The attendance at the de-amalgamation rally over the weekend has proved to me the strength of will for change. That so many people would come out in support of de-amalgamation indicates that the desire of Stanthorpe residents to de-amalgamate has not lessened with the passage of time.
As Councillors, we are tasked with listening to our residents. Likewise, we are charged to act in the best interests of all residents. This strong support for de-amalgamation has galvanised my position and I will advocate to my fellow Councillors and the Queensland Government in support of de-amalgamation, once the Granite Belt Community Association has provided the supporting evidence that de-amalgamation is viable. I know that in 2007, when the Queensland Government resolved to forcibly amalgamate Stanthorpe and Warwick Shire Councils, residents were deeply opposed to the move. Both the Stanthorpe and Warwick Shire Councils put forward submissions against amalgamation, but they were unsuccessful; as was the submission by the Return Our Shires Action Group in 2012.

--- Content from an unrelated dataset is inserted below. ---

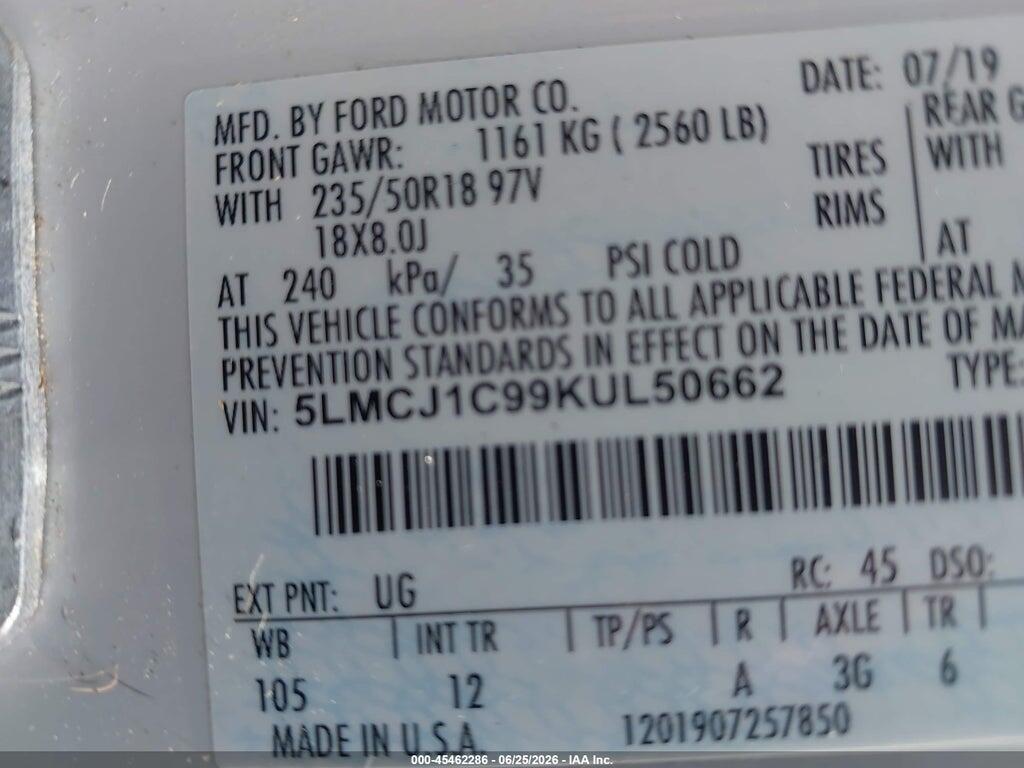 5LMCJ1C99KUL50662 2019 LINCOLN MKC photo no. 9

The forced amalgamation was traumatic for our communities: everyone lost something and for the most part, the promised economies of scale did not materialise. The size of the local government area was increased; the number of councilors decreased. In addition, the restructures and redundancies that affected Council staff left a long shadow. While some would argue that financial impact on ratepayers should not be a consideration in the Queensland Government’s decision-making on de-amalgamation, it will in fact be the major consideration. In the short term the de-amalgamating council, Stanthorpe, will be required to bear all costs associated with the change: for both the Stanthorpe and Warwick council areas; and will need to prove that its ratepayers can bear this additional burden.
A sound, well-reasoned and peer-reviewed business case is required and content must be factual. The proponents of de-amalgamation need to prove to the State Government that the Stanthorpe economy was being held back by the amalgamation of 2008, and then provide evidence of how it would grow and prosper once de-amalgamated from Southern Downs Regional Council. While ultimately it is the Queensland Government that will be judge and jury, it is clear to me that the strong message of the weekend rally is for de-amalgamation of Stanthorpe from Southern Downs; and I will be calling on my fellow councilors to think long and hard on this issue.If there is clear evidence of benefit to our residents, then Stanthorpe should be allowed to shape its own destiny. The divisions will not go away, and the ill-will within our communities is throwing a cloud over the entire region.